On the ground, more EMTs were waiting to take her from Tommy. Quick as a flash they had her on a backboard, a C-collar on—and Tommy was giving him a thumbs-up. His wide grin told Andrew there were some signs of life.
Elation flooded him, and he nearly collapsed on the ground by the ladder as relief pulsed through him.
She’s alive!
A win. This was a win. The house could go—and it probably would in a matter of minutes, whether he gave it permission or not.

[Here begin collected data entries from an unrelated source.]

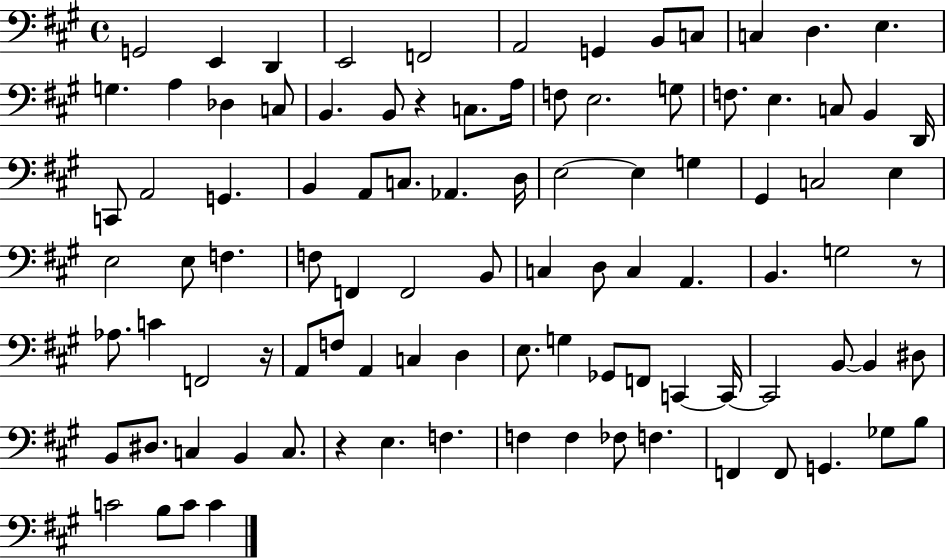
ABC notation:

X:1
T:Untitled
M:4/4
L:1/4
K:A
G,,2 E,, D,, E,,2 F,,2 A,,2 G,, B,,/2 C,/2 C, D, E, G, A, _D, C,/2 B,, B,,/2 z C,/2 A,/4 F,/2 E,2 G,/2 F,/2 E, C,/2 B,, D,,/4 C,,/2 A,,2 G,, B,, A,,/2 C,/2 _A,, D,/4 E,2 E, G, ^G,, C,2 E, E,2 E,/2 F, F,/2 F,, F,,2 B,,/2 C, D,/2 C, A,, B,, G,2 z/2 _A,/2 C F,,2 z/4 A,,/2 F,/2 A,, C, D, E,/2 G, _G,,/2 F,,/2 C,, C,,/4 C,,2 B,,/2 B,, ^D,/2 B,,/2 ^D,/2 C, B,, C,/2 z E, F, F, F, _F,/2 F, F,, F,,/2 G,, _G,/2 B,/2 C2 B,/2 C/2 C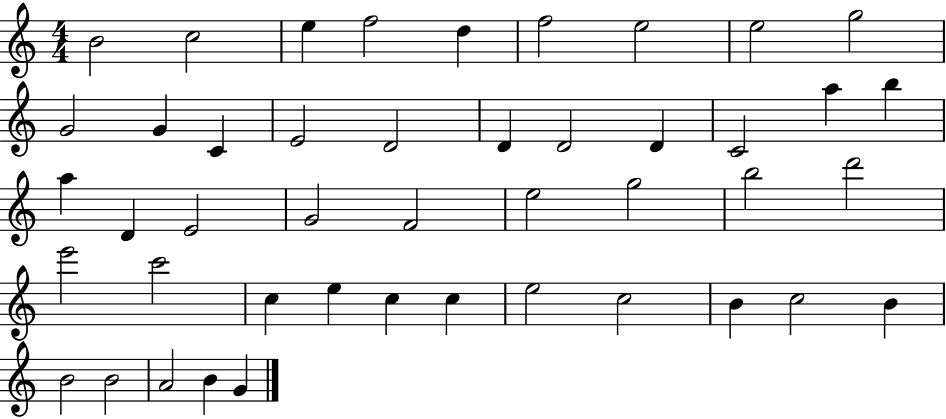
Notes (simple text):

B4/h C5/h E5/q F5/h D5/q F5/h E5/h E5/h G5/h G4/h G4/q C4/q E4/h D4/h D4/q D4/h D4/q C4/h A5/q B5/q A5/q D4/q E4/h G4/h F4/h E5/h G5/h B5/h D6/h E6/h C6/h C5/q E5/q C5/q C5/q E5/h C5/h B4/q C5/h B4/q B4/h B4/h A4/h B4/q G4/q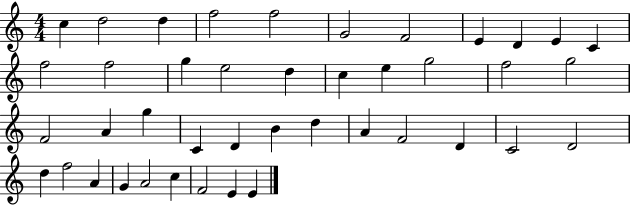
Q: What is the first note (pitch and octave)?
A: C5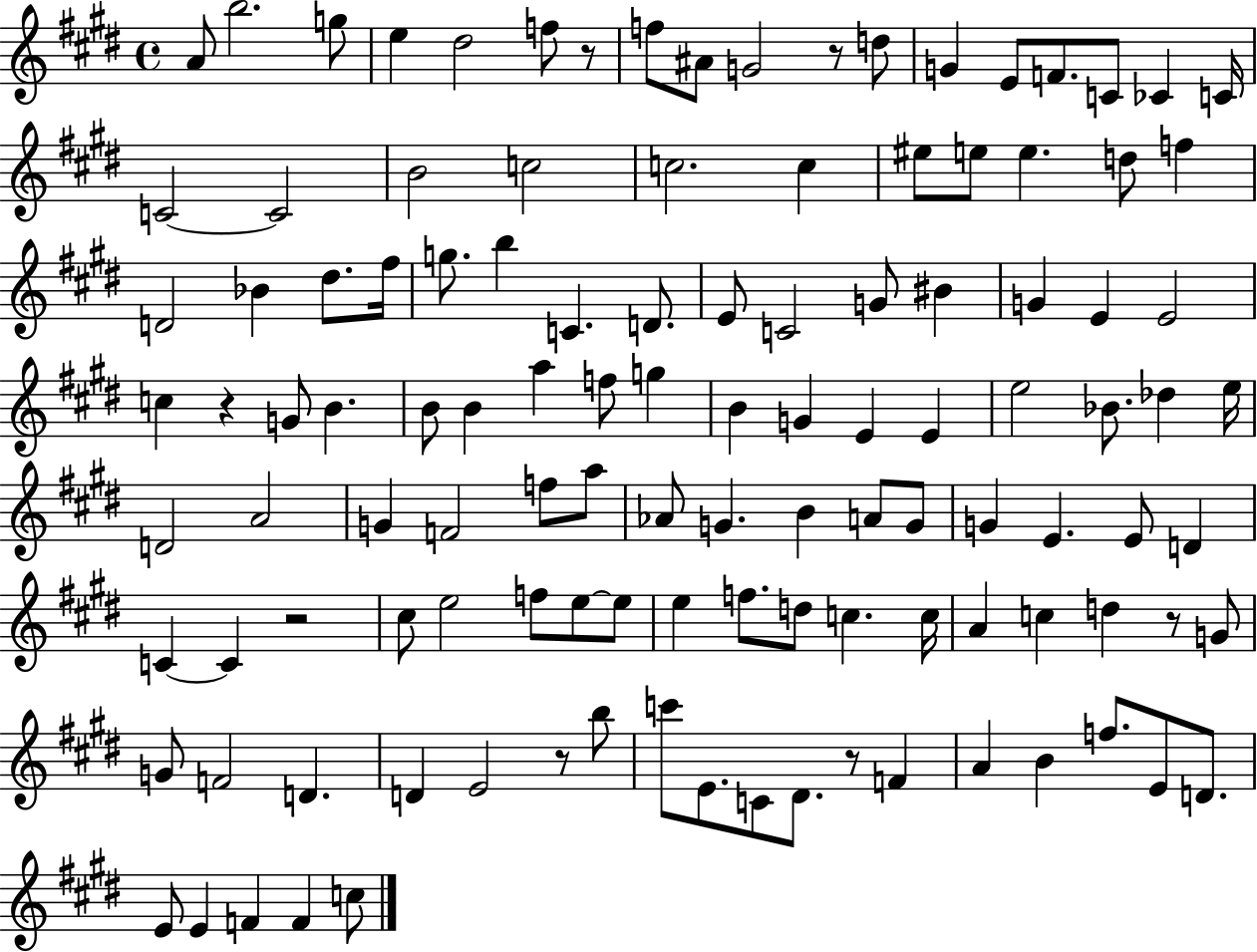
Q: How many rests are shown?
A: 7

He looked back over his shoulder to see Jackson on the ground and flames punching through the upstairs windows.
Yeah. Fire could have the house. But it couldn’t have Eric, and it couldn’t have Katelyn—at least not today.
THE CHILL ATE into Mallory Blair’s bones. The waiting room was empty except for an old man asleep on a couch. He was wrapped in about three dozen blankets and a plump pillow. She found herself fixated on those blankets, wishing for something warm to wrap around her.
Not a blanket to envelop her.
A pair of arms.
Not a pillow under her head.
A strong, rocklike shoulder.
She’d been here before—not here, not in this hospital. All she could think when she took in the institutional furnishings, the flickering fluorescent lights overhead, the overwhelming scent of citrus cleaner, was another hospital. The hospital where a doctor had come out and hemmed and hawed and finally told her that Mom and Dad were gone.
In one instant, the world she’d known—comfortable, secure, a future ahead of her— went poof. She’d gone from being—
Admit it, Mallory. You were a spoiled brat who had no clue how much you depended on your parents.
She hadn’t been all alone then.
Katelyn had been with her.
Mallory swallowed the sob pent up in her chest. If it came out, if she started crying, she’d lose it. She’d cry for hours or days or a lifetime, and she couldn’t do that. She had to be strong. She had to think and concentrate on what the doctor said.
If the doctor ever came back out.
What if she comes back out and tells you Katelyn’s gone?
Mallory was still trying to wrap her head around the little she knew. One minute she’d been hanging the new shipment of holiday dresses on the rack, running her steamer over them to remove the creases and folds, and the next, some stranger on a phone was telling her...
Accident, fire, medical evacuation by helicopter to a burn unit halfway across the state.
And here...after a two-hour drive through twisty Georgia roads she didn’t know, to find the right hospital in a city full of hospitals...
Down the hall came loud laughter. The corridor was full to bursting with a huge family, tumbling over one another like a box full of rambunctious puppies, more like a family reunion than a crisis. They’d had good news, she guessed. That or they were trying to put the horror of the moment out of their minds.
I should have never let Katelyn talk me into letting her skip her senior year and go on to college in Waverly. I should have insisted she choose a college closer to home. I should have found the money to pay for the dorm, not that firetrap of a house. It’s my fault—I pushed for that resident’s exemption for her, just to save money, and I shouldn’t have.